-- AIM OF THE TASK --
Copy the data exactly. No line may be skipped.

-- RECORDED INFORMATION --
_ _ _ _

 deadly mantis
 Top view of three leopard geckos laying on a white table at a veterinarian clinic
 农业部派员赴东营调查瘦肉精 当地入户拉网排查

_ _ _ _

-- ANSWER BOX --
 deadly mantis
 Top view of three leopard geckos laying on a white table at a veterinarian clinic
 农业部派员赴东营调查瘦肉精 当地入户拉网排查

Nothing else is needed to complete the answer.